=== Data in this exercise ===
-- Opening Marker --
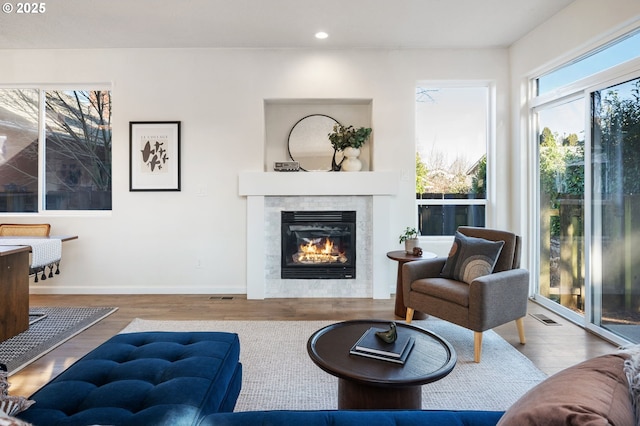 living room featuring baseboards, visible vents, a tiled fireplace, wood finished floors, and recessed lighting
-- Closing Marker --
-- Opening Marker --
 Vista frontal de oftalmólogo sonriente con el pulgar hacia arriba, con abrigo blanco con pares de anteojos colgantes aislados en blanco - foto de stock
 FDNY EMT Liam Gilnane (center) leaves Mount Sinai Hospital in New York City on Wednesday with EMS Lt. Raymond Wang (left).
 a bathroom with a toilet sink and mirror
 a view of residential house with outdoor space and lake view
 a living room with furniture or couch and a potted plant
-- Closing Marker --
=== Work request ===
Wherever the string "with" appears in the listing above, show the whole line.

=== Answer to this exercise ===
 FDNY EMT Liam Gilnane (center) leaves Mount Sinai Hospital in New York City on Wednesday with EMS Lt. Raymond Wang (left).
 a bathroom with a toilet sink and mirror
 a view of residential house with outdoor space and lake view
 a living room with furniture or couch and a potted plant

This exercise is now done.